Empathy doesn’t just allow us to coordinate, cooperate, and relate to one another. It’s at the core of our understanding of right and wrong. You could even argue that empathy is the core ingredient within the Golden Rule that so many religions preach in some form or another, including those that incorporate some form of Hell.

It’s also the foundation on which our innate sense of justice and fairness is built. Both foundations crack once Heaven and Hell enter the picture. However, when eternity enters the picture, which is common in various Judeo-Christian traditions, those foundations shatter.

It’s in that context where simply being callous to the suffering of others, even if you feel they deserve it, becomes unavoidably sadistic. As soon as eternity enters the equation, any sense of proportional justice becomes impossible. Even for the most monstrous individuals who spent every moment of their lives hurting others, a punishment without end eventually becomes unjust.

At that point, the pain and suffering someone endures is no longer about punishment or justice. It becomes part of a sadistic act that only becomes more sadistic the longer it goes on. If Hell is truly eternal, as many devout believers espouse, then its very existence is an act of infinite sadism.

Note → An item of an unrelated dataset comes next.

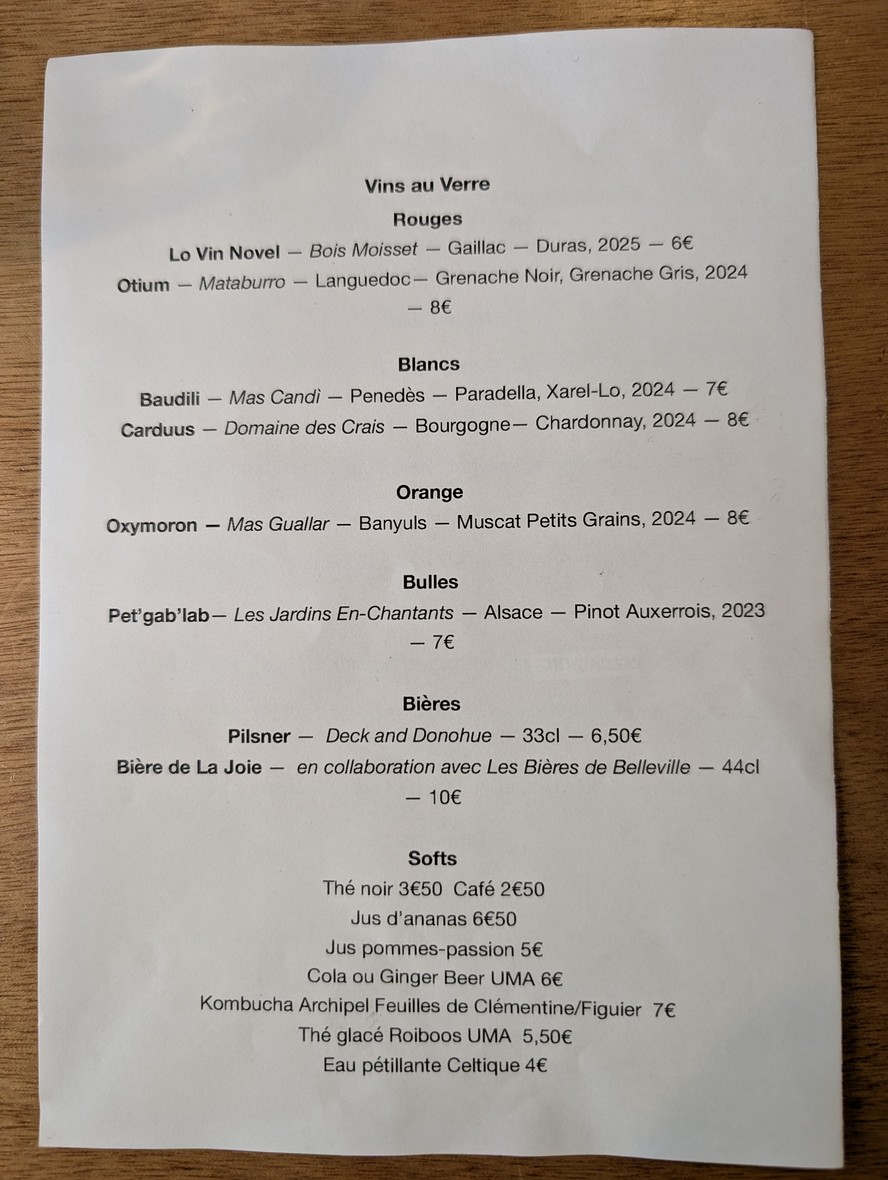 La Joie menu 2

That’s a major problem for any theology that includes an all-knowing, all-loving deity. By definition, a deity cannot be all-loving while exercising infinitely sadistic acts. If that same deity is all-powerful, then that only makes things worse because it means the deity has the power to both stop those acts and prevent them from ever happening. By not doing so, the deity becomes even more sadistic.

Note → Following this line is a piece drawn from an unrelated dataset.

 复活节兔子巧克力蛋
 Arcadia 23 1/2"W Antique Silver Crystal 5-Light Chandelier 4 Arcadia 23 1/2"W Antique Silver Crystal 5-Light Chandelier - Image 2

Now, there are plenty of traditions that include sadistic gods. The god of the Old Testament certainly qualifies in many respects. If a deity of that power opts to use it for sadistic acts, it doesn’t carry as much weight in terms of how humans approach morality and justice. Granted, it means the people who worship that deity must do so out of fear on some levels, but their approach in that context is understandable.

It’s less understandable when Hell and the concept eternal punishment becomes part of a larger theology because it means adherents must participate in sadistic activities, even if it just means ignoring the torture inflicted by someone else. Everyone in Heaven, no matter how wonderful it is, has to remain numb to the infinite suffering going on below them.

Considering how threats of Hell has been a common tool for proselytizing, the sadism gets compounded even more, both from a human and theological perspective. More than one adherent had used the threat of Hell to warn others about believing in something other than their preferred religion. They likely do so out of genuine compassion and concern for those who don’t believe.

However, once that same person goes to Heaven, they have to become a sadist on some levels. They must now exist in a domain where others they tried to save from eternal damnation are doomed to endless suffering. They know it’s happening at every waking moment. It doesn’t matter if time works differently in the afterlife. Eternity is still eternity.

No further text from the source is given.